I cannot kill the bounce process without another starting,
even after stopping the mailman service.

If I freshly re-boot the server and let mailman run for a few
minutes, the the file grows, when I stop the service the file
shrinks back to 0 bytes, but does not get deleted.

I hope this helps.

Revision history for this message
Tokio Kikuchi (tkikuchi) wrote :

Your site has really big amount of bounces get. I'd suggest
try one or two of these:

1. Set bounce_processing to "No" in admin->bounce page.
2. Set REGISTER_BOUNCES_EVERY = minutes(1) in mm_cfg.py
and process bounces before they accumulate to Giga-Byte.
3. Rewrite your MTA's alias file as
    your-list-bounce: <email address hidden>
 and process the counce manually.
4. Rewrite your MTA's alias file as
    your-list-bounce: /dev/null
 and forget about the bounces totally.

Revision history for this message
Barry Warsaw (barry) wrote :

I have some ideas about fixing bounce runner. If I have
time for 2.1.6 I'll try to attack it.

Revision history for this message
Prubin (prubin) wrote :

I will try the suggested settings...

The bounce process currently builds up about 150MB per
minute when started and takes about 2 minutes after being
stoped for each minute run before it exits. This occures even
when postfix is complete stopped. If the file gets over
300Meg than the exit time goes to 3 times, at 400Meg it will
crash first with out of memory.

Is is possible that there is some hangup that is causing
bounce notices not to get pulled from postfix and the same
ones just keep getting pulled over and over?

Revision history for this message
Barry Warsaw (barry) wrote :

The problem really is that information is logged to a file
and periodically that file is read and processed, however no
limit is placed on the amount of the log file that's read
during any one processing loop.
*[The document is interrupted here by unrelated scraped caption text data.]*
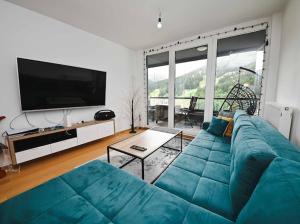 a living room with a blue couch and a flat screen tv at Bjelašnica Ski View Apartment in Bjelašnica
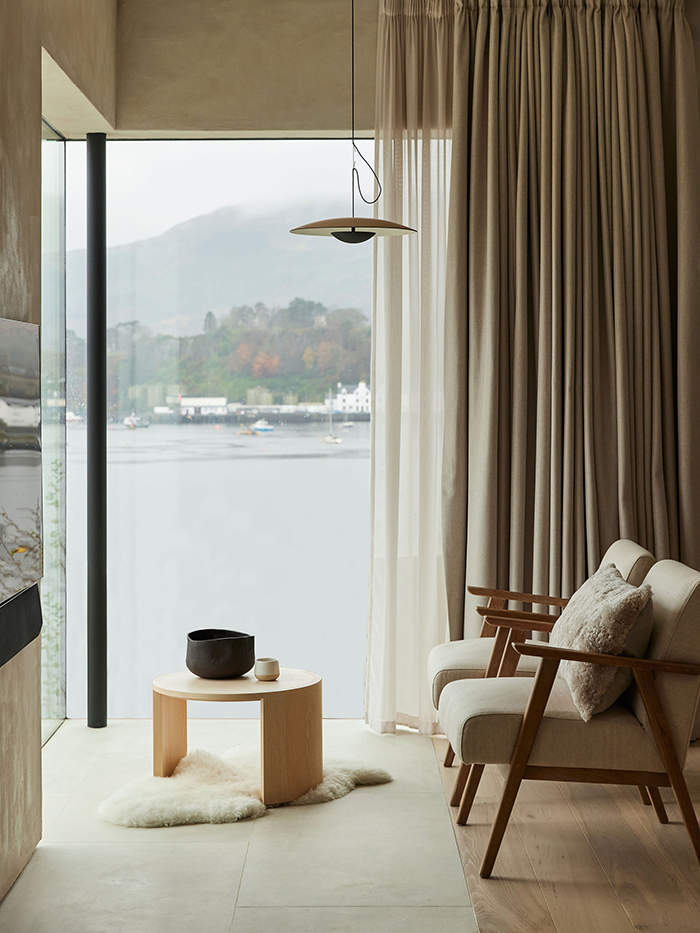 Frameless corner window overlooking the loch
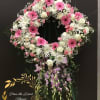 This beautiful standing diamond sharp arrangement, make with White roses, spider mum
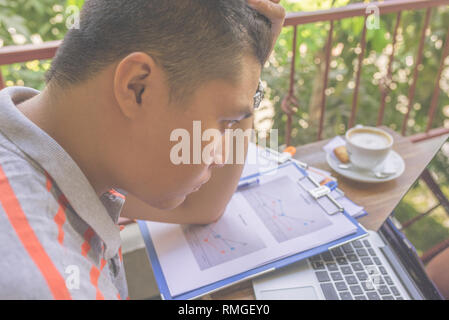 Müde und erschöpft asiatischer Mann mit Laptop Stockfoto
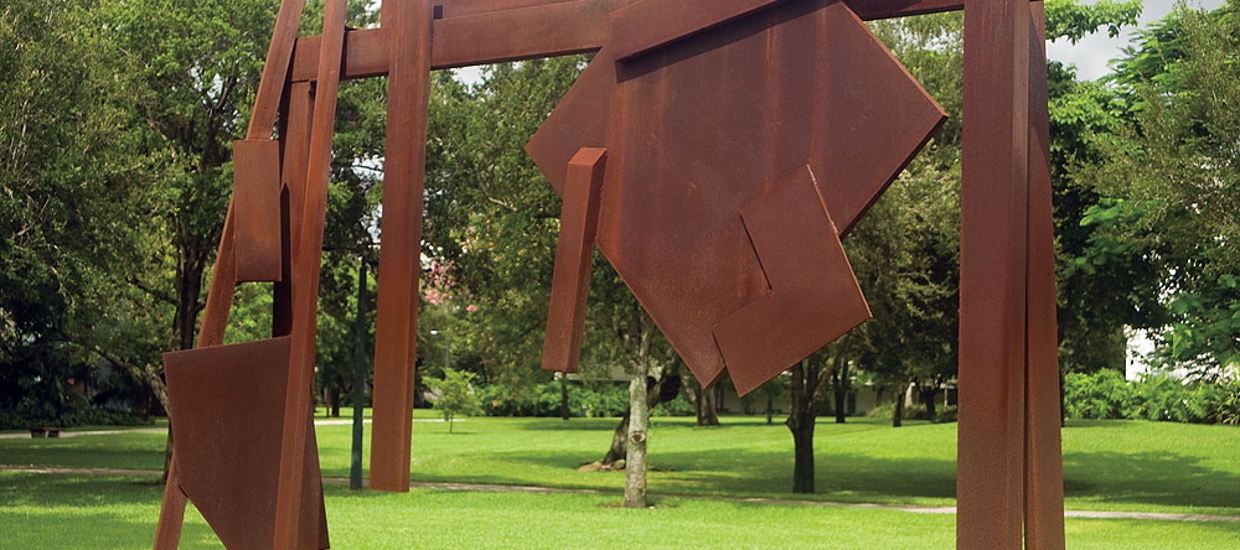 image of a contemporary abstract outdoor sculpture made of metal that is in sqaures and other geometric shapes. Metal is rust colored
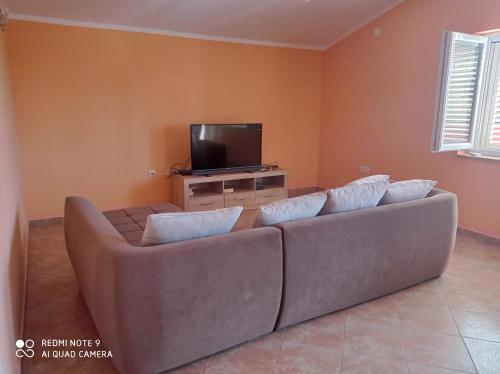 Et tv og/eller underholdning på Family Apartment Nelly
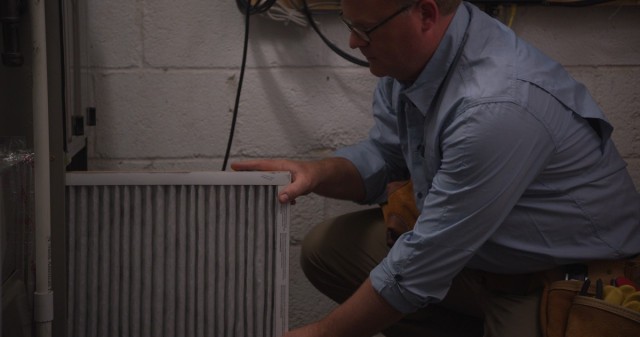 a handyman changes an air filter on an HVAC unit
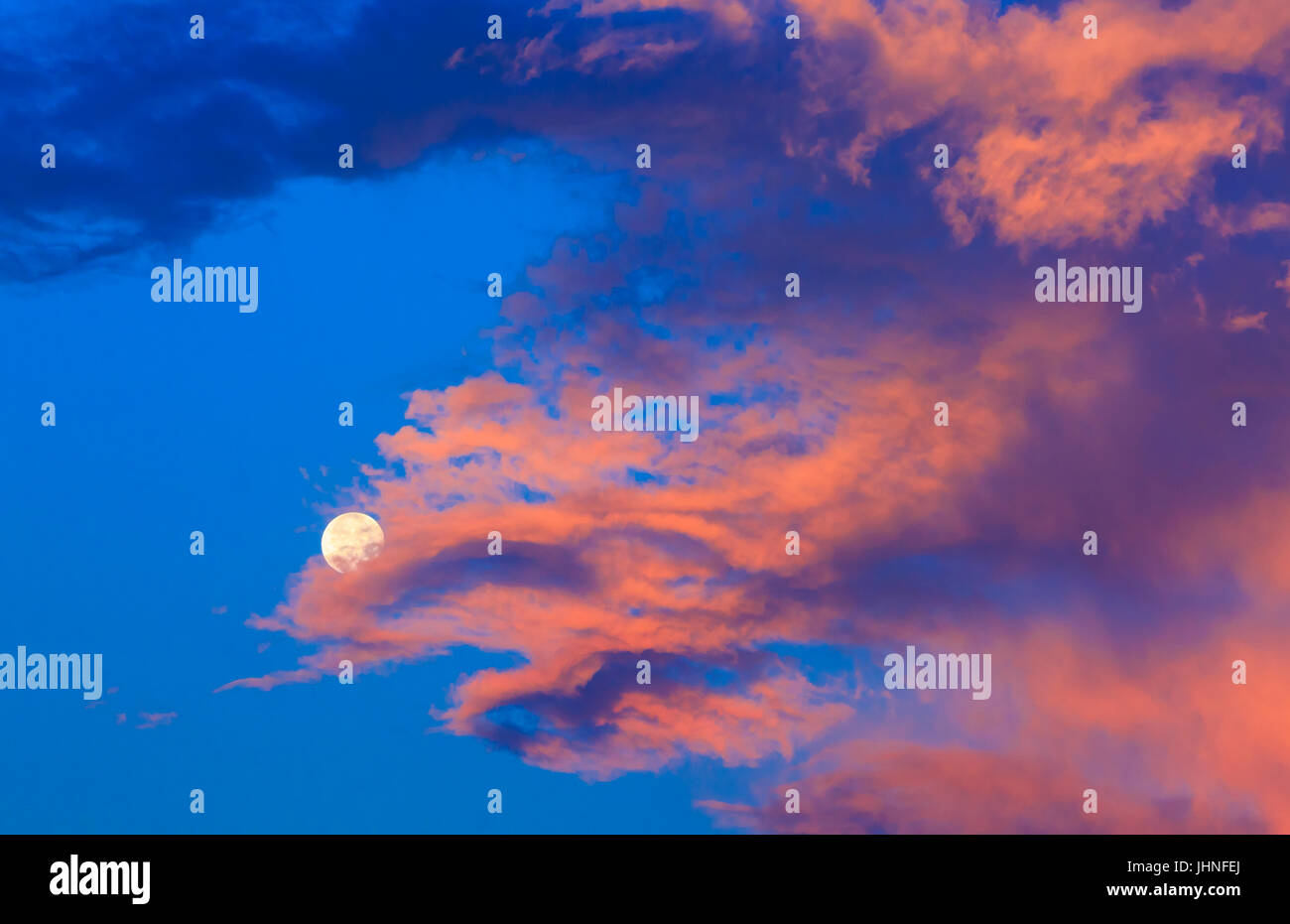 Vollmond in farbenfrohen Sonnenaufgang Wolken in der Nähe von Helena, montana Stockfoto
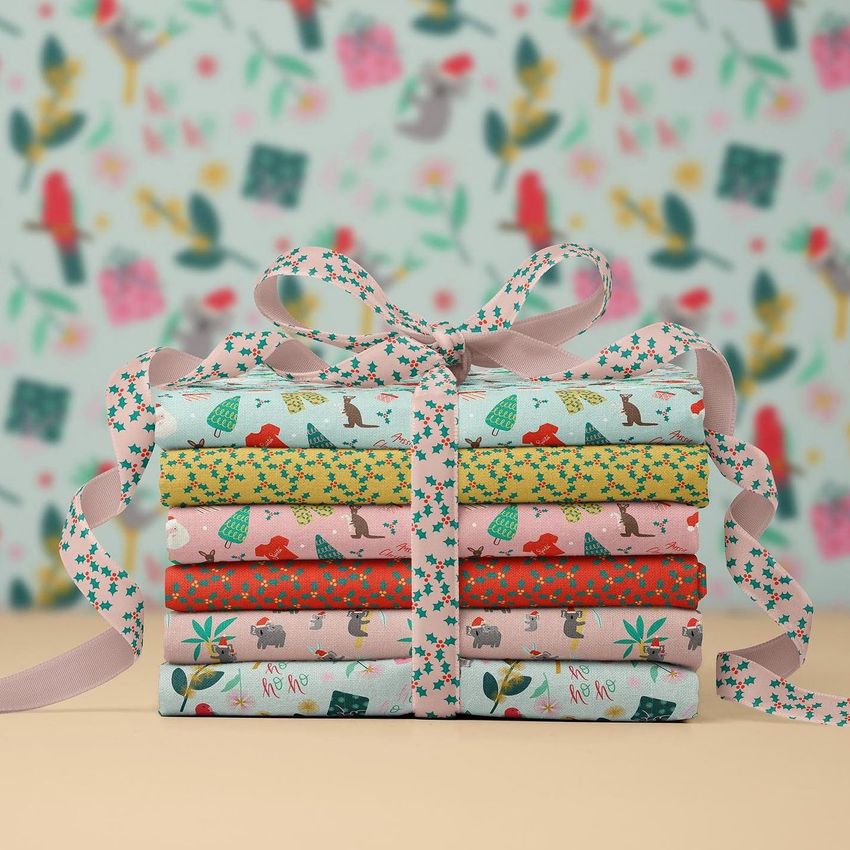 Fabric stack mockup featuring neatly folded Christmas-themed fabrics tied with a patterned ribbon, set against a festive background.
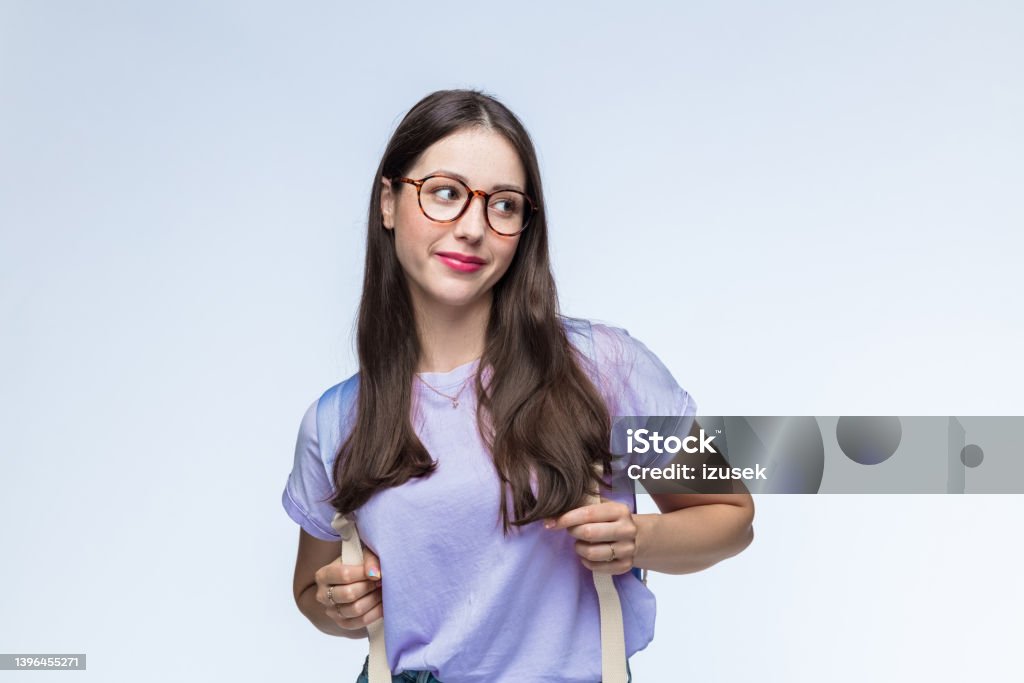 Woman looking away carrying backpack Young woman with eyeglasses wearing lilac t-shirt carrying backpack against white background. Looking Away Stock Photo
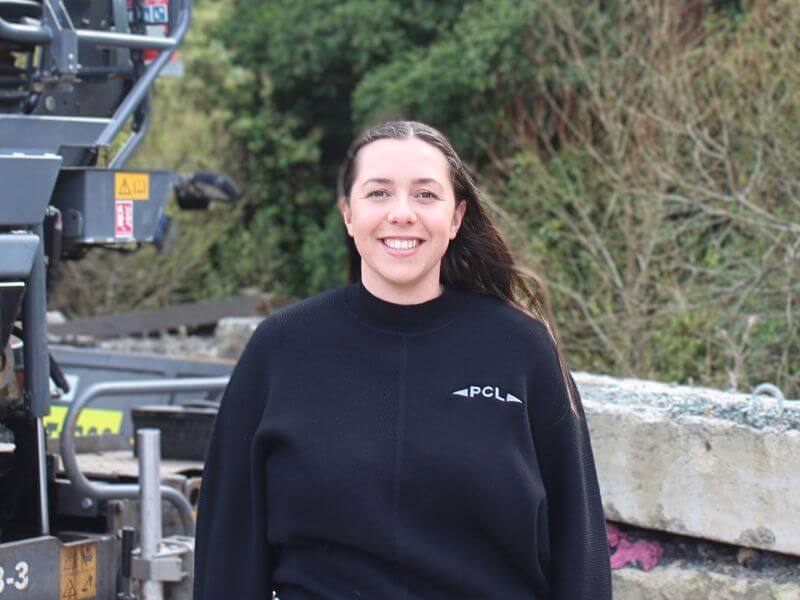 a person wearing a black sweater with the "pcl" logo stands outdoors near machinery and trees, smiling at the camera.
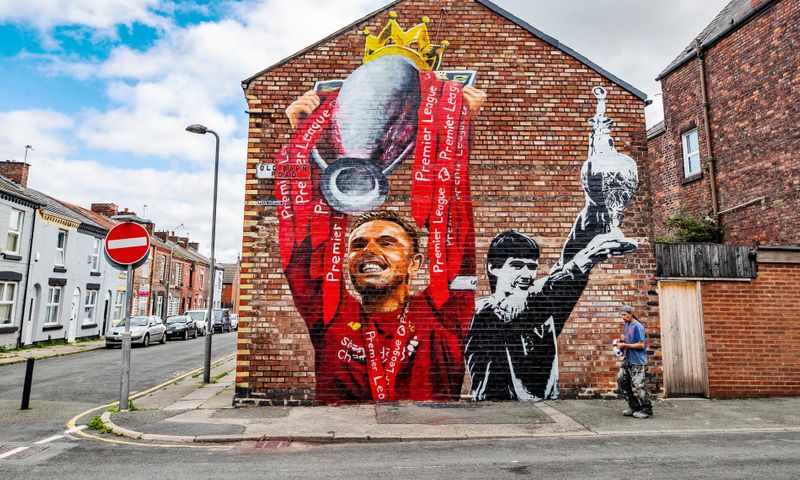 football players mural painting in world cities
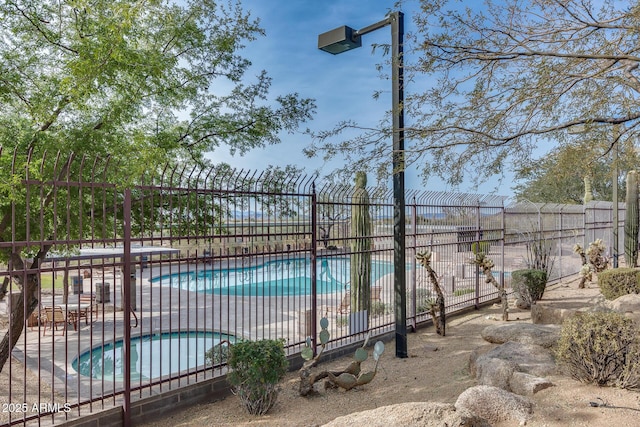 view of swimming pool featuring an in ground hot tub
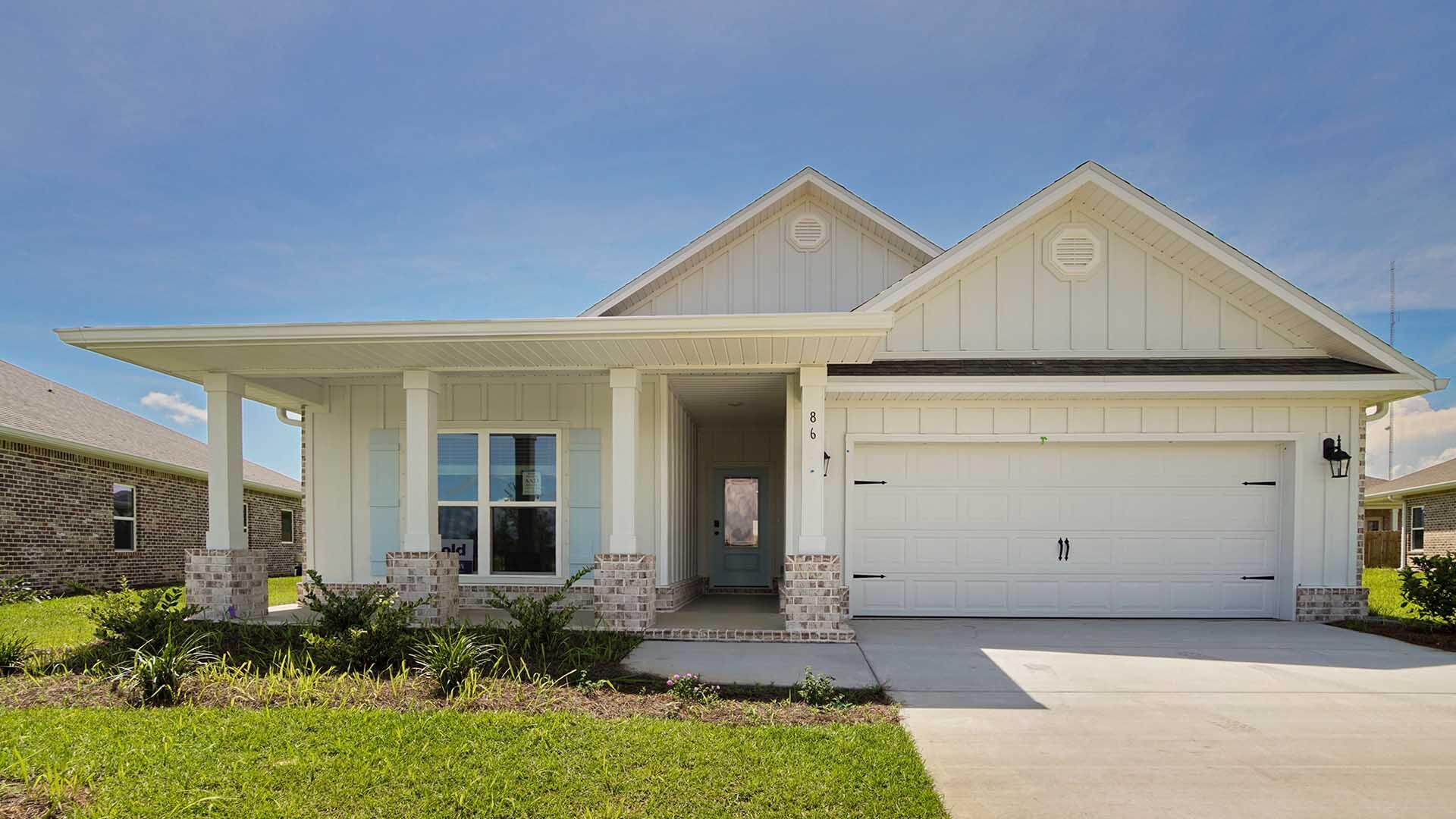 Welcome to 86 Grass Owl Loop, a new home at Owl's Head Farms in Freeport, Florida. This home has a large covered front porch and features four bedrooms and two bathrooms. As you enter this home, you will find a hall leading to a light-filled, open-concept living area with 9' ceilings. The kitchen is equipped with brand name stainless steel appliances and has been finished with elegant quartz countertops and beautiful white cabinetry with tile backsplash. The center island has an undermount single basin sink and a dedicated water filter faucet and dishwasher as well as space for bar seating. Adjacent to the kitchen is the dining area while the living room's wide layout invites comfort and relaxation. Matte black finish hardware on doors and faucets in kitchen and bathrooms. The primary bedroom offers a serene escape with a luxurious bathroom featuring a double vanity, a walk-in shower, and two generously sized walk-in closets. Three additional bedrooms and a full bathroom are in a separate wing, ensuring privacy for family or guests. EVP flooring is Plank flooring throughout the home offering a seamless transition between rooms. The laundry room is located off the hall leading to the fourth bedroom and has space for a full-size washer and dryer.
The exterior of this home includes an oversized covered patio and two car garage with remote entry. All DR Horton homes have Smart technology including 5 DEAKO?? Smart Switches, Kwikset keyless entry and a programmable thermostat that can be controlled though an app on your phone. Contact us today to schedule your tour of this beautiful home.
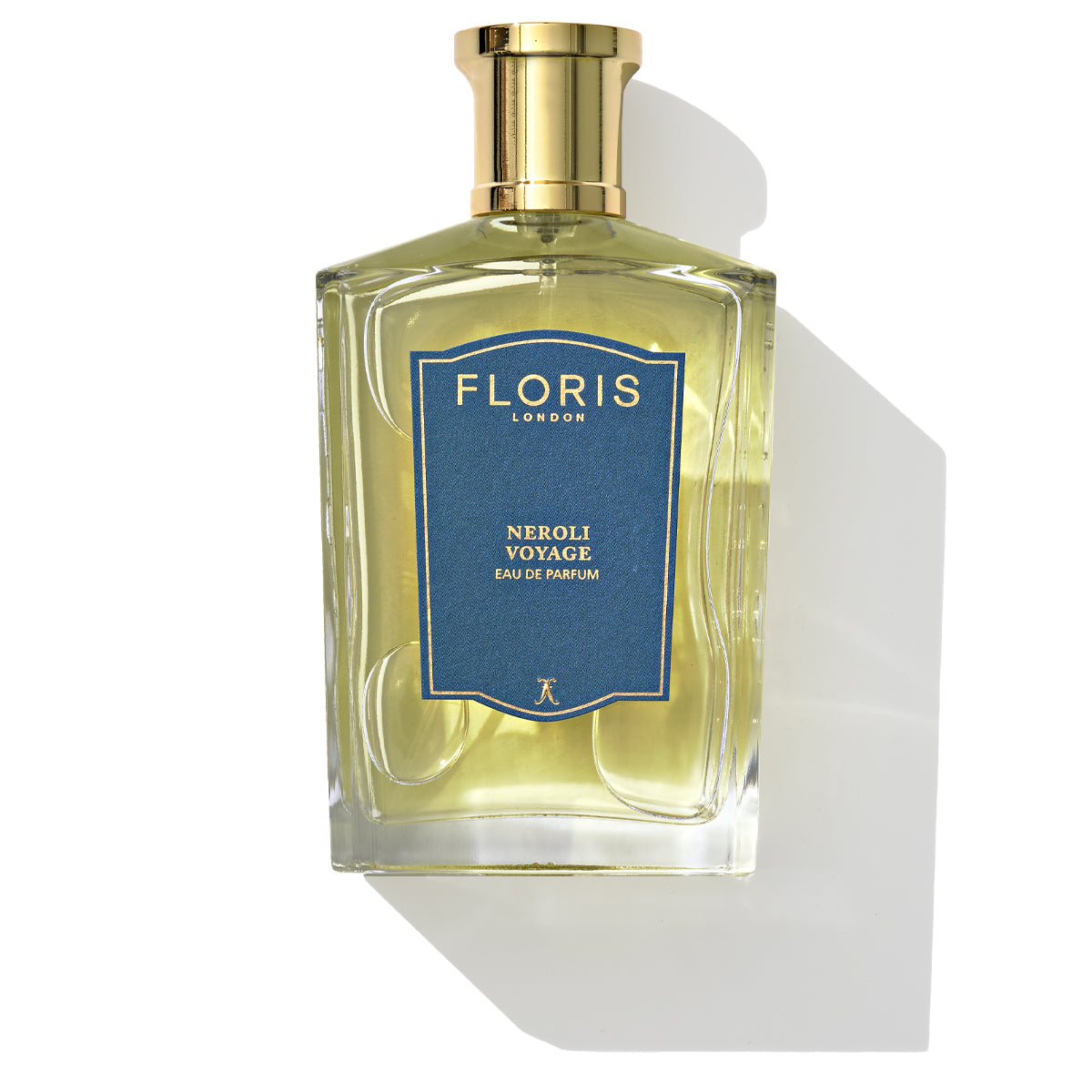 A clear rectangular glass bottle of Floris London Neroli Voyage - Eau de Parfum, a unisex citrus marine fragrance, features a gold cap and a blue label, casting a shadow on a white surface.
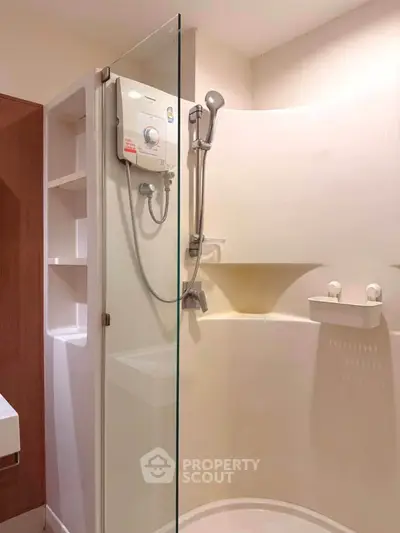 Modern bathroom with glass shower enclosure and built-in storage shelves.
The bounce runner wants to
read as much as possible because it will sort bounces so it
can be more efficient about locking lists for bounce info
updates. But if too much of the file is read then of course
you get the huge memory footprint. Probably some sort of
limit on the number of records read from the file is the way
to go.

Revision history for this message
Prubin (prubin) wrote :

ok, setting REGISTER_BOUNCES_EVERY = minutes(1)
has the file hovering at between 120 and 10MB, but the
process is using 300MB of RAM.

Does this make any sense? What is the bounce processor
doing that is consuming soo much memory relative to the file
size?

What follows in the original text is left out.